There were smirks in the direction of Michael D Higgins when it was announced the President’s salary would be capped at €250,000 and wry smiles from the Opposition when it was announced that the use of State cars would be pared down.

(Afterwards, Fine Gael’s Simon Coveney claimed that the changes wouldn’t affect Ministers.)

Then Brian said he would be introducing changes in relations to the property market. Had they been in place years ago, the bubble wouldn’t have been so bad. Pity they didn’t introduce the measures back then, so.

The speech was met with restrained applause from the Government benches.

There was a sense of power passing.
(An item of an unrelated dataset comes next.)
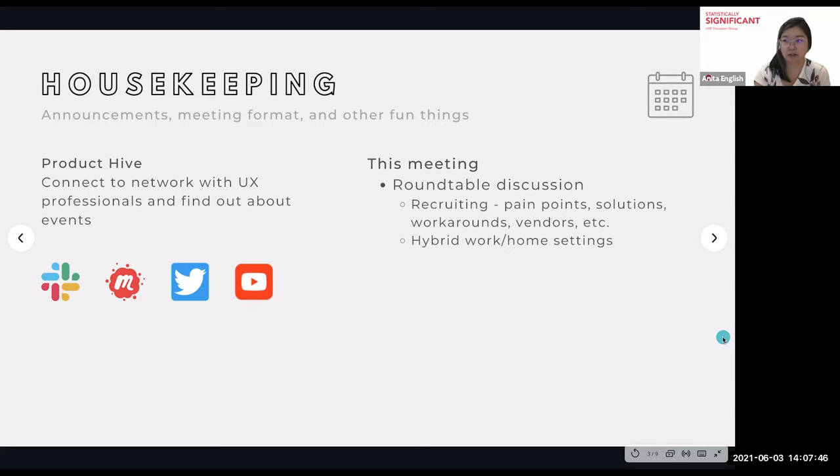For everyone who saw the posts for this particular discussion, we're going to be talking about recruiting — the pain points associated with it, workarounds, solutions, stuff that's worked well, processes that have worked well, and vendors. Some people do use external third-party vendors, so we can talk about that. And if there's time remaining, we can touch on hybrid work-from-home environments that some of us are re-entering.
Everyone was waiting to hear what Michael Noonan would say for Fine Gael.

He didn’t disappoint. “This Budget is the Budget of a puppet Government . . .” he began, before comparing Fianna Fáil to the Bourbons. He was very impressive. “I came in early and wrote the start and the ending and then just winged it in the middle. Once I got going, it kinda flowed . . . I’m good with sums,” Mr Noonan explained afterwards.

Dr FitzGerald was very impressed.

”Absolutely excellent speech,” he told us as he was leaving. “So little time to absorb so much. I couldn’t do it.”

Then he left with his copy of the Budget. “They asked me to go on television tonight, but I said no. Too much reading to do,” he said, tapping the document happily.

Labour’s Joan Burton described the Budget as “Unislim for the rest of us while Drumm and Dunne party on in Connecticut.”

It was a lame sort of day. Too much given away in advance.

Even the bar was quiet – for a Budget day.

Without a doubt, Noonan stole the show. And just in case the Government didn’t sense the passing of power, he finished with a quote from Michael Collins: “Give us the future, we have had enough of the past. Give us back our country to live in, to grow in, to love.”